Every action became so robotic in this artificial world you functioned like a slightly battered and badly maintained machine yourself, performing your tasks with minimal power input, brain engaged elsewhere. Put into neutral. Humming over but only half alive.

Unless something happened to jar you awake. Something unusual, something out of the routine.

The thin man was back.

This was more than unusual. This was wrong. Very wrong.

The thin man had his own routine. He visited approximately once a week; never more than nine days between visits, never less than six.

He never returned on the same day. Ever.

But here he was.

She had just finished her shift and was heading out, hoodie over her uniform, rucksack slung over her back, when she spotted him.

He sat at his usual table, near the front, behind a pillar, where he could watch people coming and going but remain unobserved himself. Often, he had his laptop open, but this morning he had what looked like a notebook and paper spread out on the table in front of him.

She frowned. Something about him looked different, too. Hair?
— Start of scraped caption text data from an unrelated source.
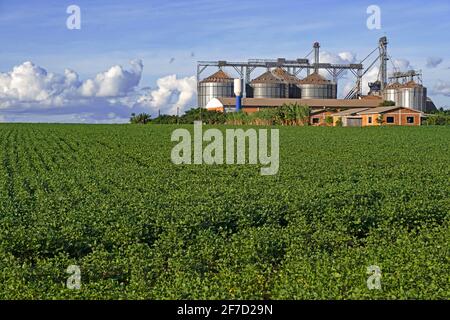 Ferme avec de grands silos Comil pour stocker les graines de soja / soja récoltées au milieu des champs de soja dans la campagne Alto Paraná, Paraguay Banque D'Images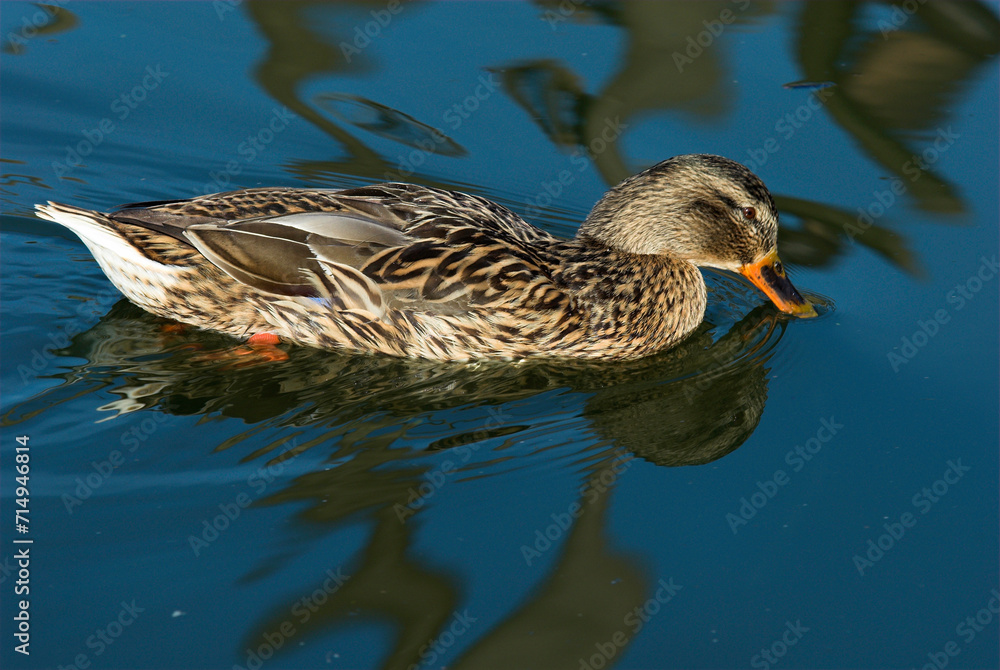 Canard colvert, femelle,. Anas platyrhynchos, Mallar Canard colvert, femelle,. Anas platyrhynchos, Mallar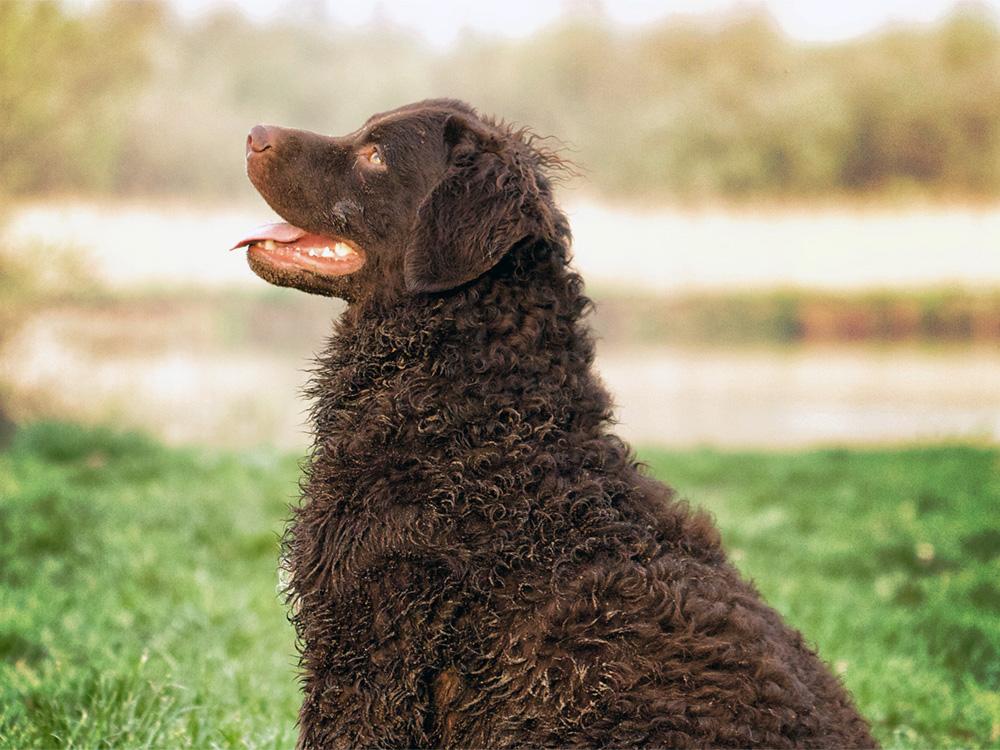 large curly coated retriever sitting in farm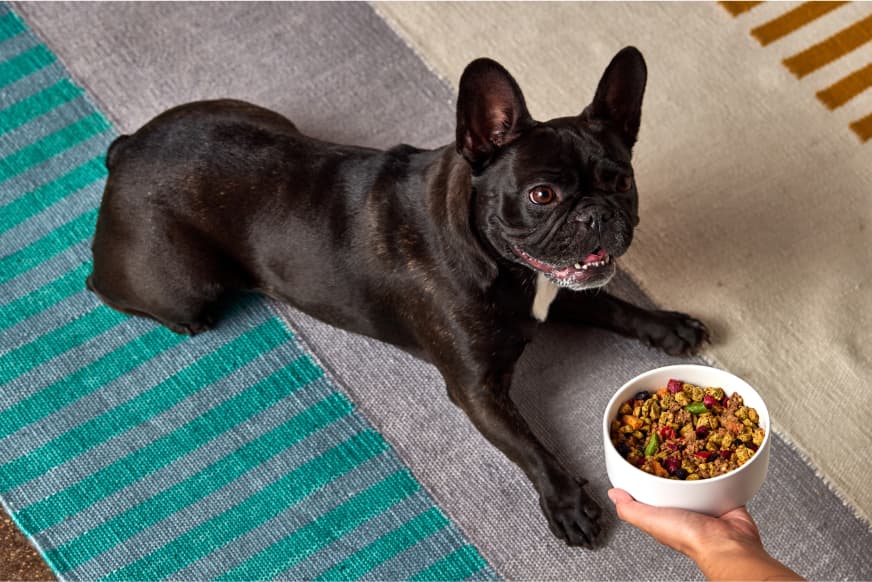 PDP slide 3 - freshbaked chicken - dog looking at bowl of freshbaked chicken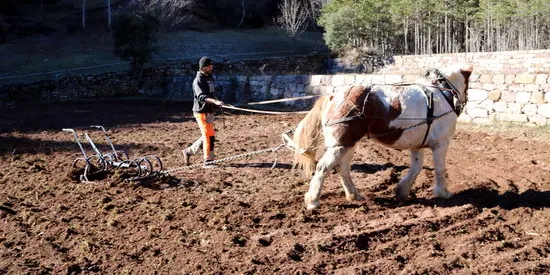 Traginers del Pirineu recupera la tracció animal en treballs forestals, agrícoles o de porteig al Pallars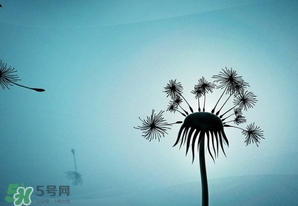 蒲公英開花了還能吃嗎？蒲公英開花的好還是不開花的好？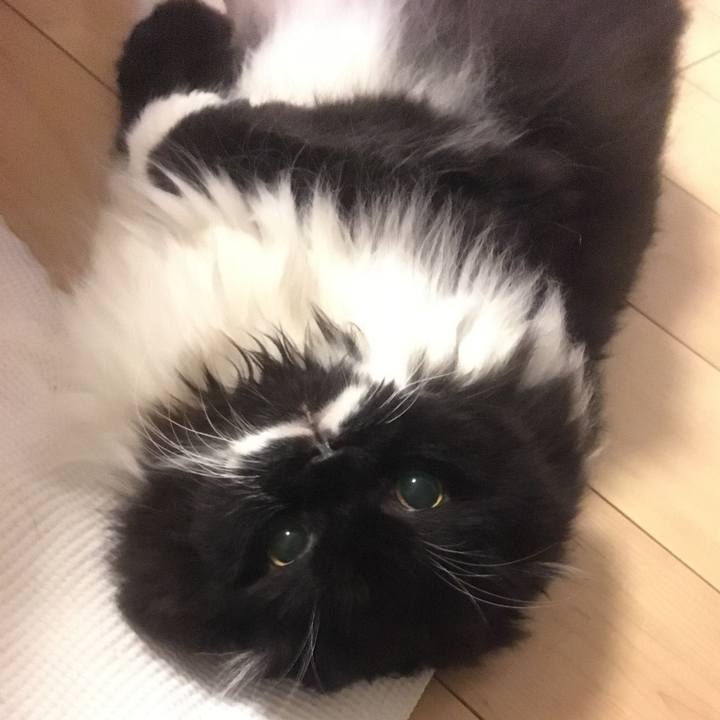 Ee1dd178 778d 405f a143 0486a5c58e43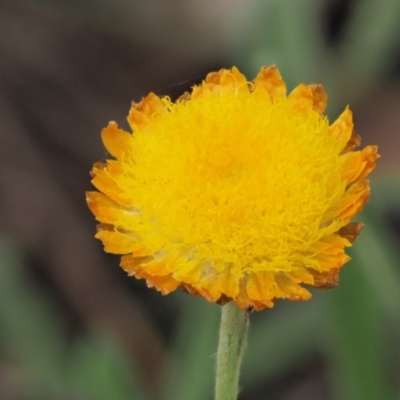 Coronidium scorpioides (Button Everlasting) at Cotter River, ACT - 6 Feb 2019 by KenT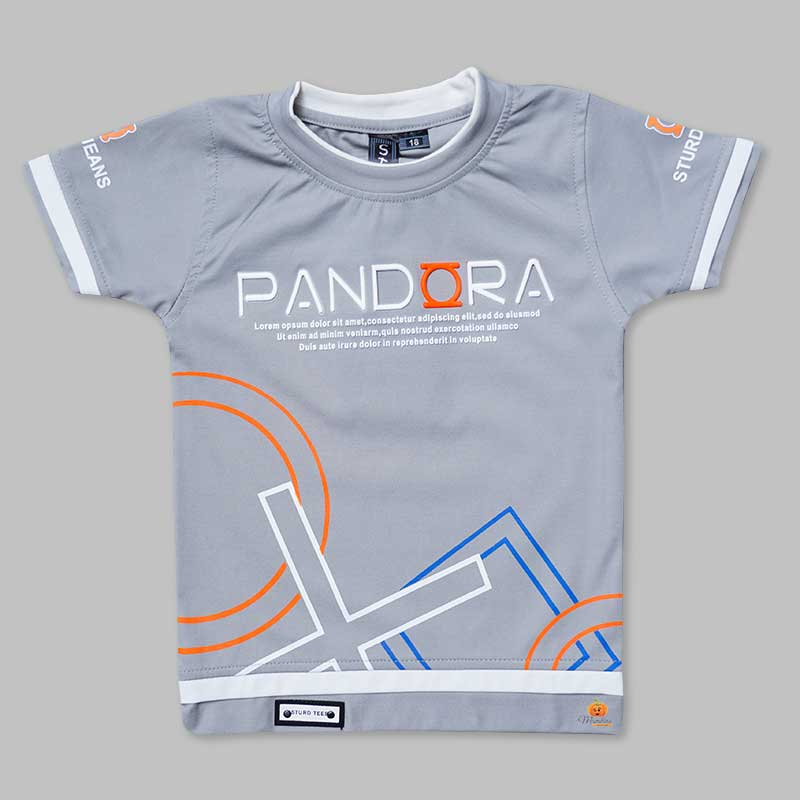 Solid Grey Printed T-Shirts for Boys Variant Front View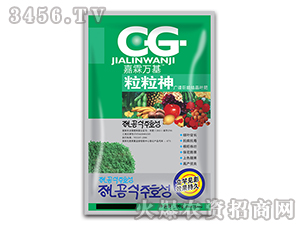 �V�V���ܽY(ji��)���~��-������-�����f��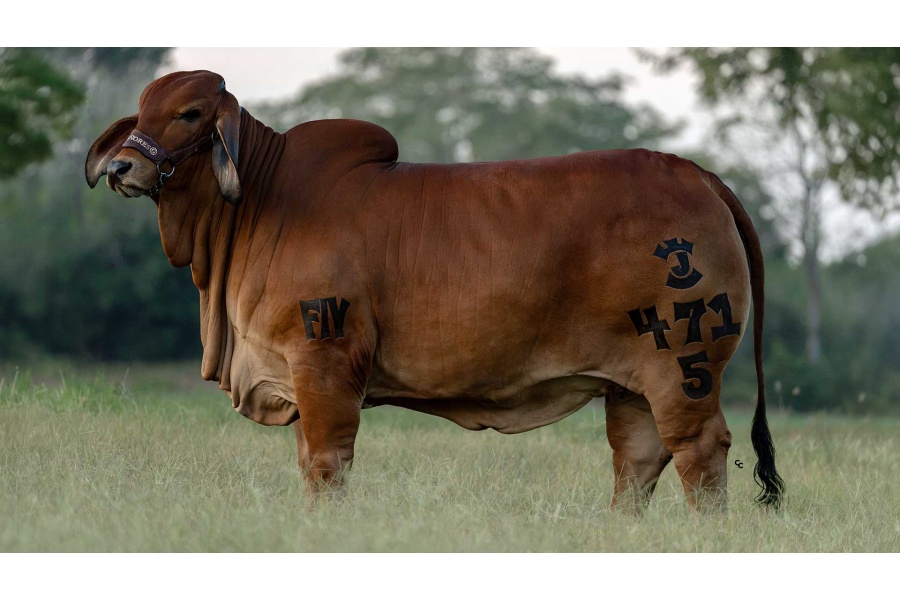 LOTE 01 - HG MISS FATIMA 471/5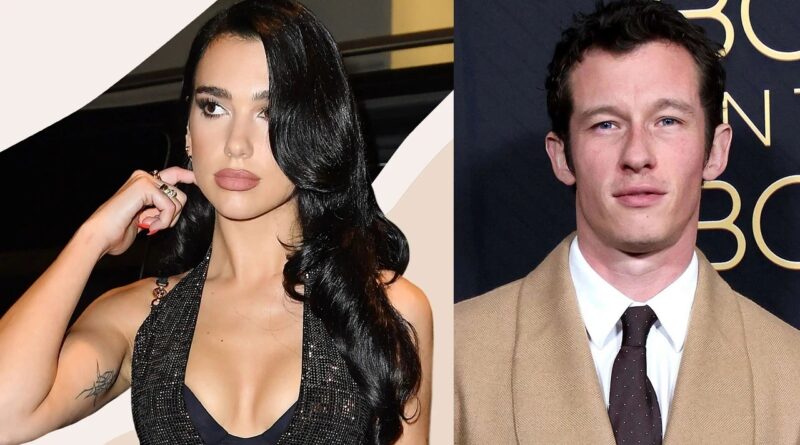 AŞK İHANETİNİN ARDINDAKİ DEDEKTİF DOSYASI: DUA LIPA EŞİNİN VANESSA KIRBY İLE OLAN SIR DOLU GEÇMİŞİNİ ÖĞRENDİĞİNDE ŞOK OLDU!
No—that was the usual dark, unkempt non-style. Clothes. He was wearing different clothes. Earlier he had been wearing a grey sweatshirt and black jeans. Now, he wore a checked shirt and blue jeans. He had changed. Why? And why had she even noticed?

She shoved the thought to one side. That wasn’t the only thing that was different. Normally, like her, the man operated on autopilot. Breathing, moving, performing all the tasks required of life (except, perhaps, eating), but not actually living. That vitality, that energy, had been sapped from him.

This morning, he looked as if he had some of it back. She wouldn’t go so far as to say he had color in his cheeks, but he didn’t look as much like a walking corpse as usual.

Something had happened, she thought. Something that had forced him to change his clothes, alter his routine. Despite herself, despite wishing that he would disappear for good, she wondered what.

She walked over to the lanky, bearded youth she was working with on this shift (Ethan? Nathan? Or was it Ned?). That was the only thing that did change here on a regular basis. Her co-workers. The pay wasn’t bad, but the rotten hours, stifling environment and the need for your own car to get you here made the services a less than desirable workplace.

It certainly wasn’t what Katie had imagined herself doing with her life. Sometimes, she could see the pity in her young colleagues’ eyes. Most of them were only here to fund their way through university en route to something better. But she was stuck here permanently. This was her better life.

“You’re a trier, Katie,” she remembered the career adviser at school telling her, with a smug smile, comb-over slicked fast to his freckled head. “You work hard. You’re a good student. But let’s be realistic, you’re never going to be Oxford material.”

Patronizing dick. But then, he had been right. Because here she was, a single mum, working in a dead-end job that a robot probably would be doing in ten years’ time.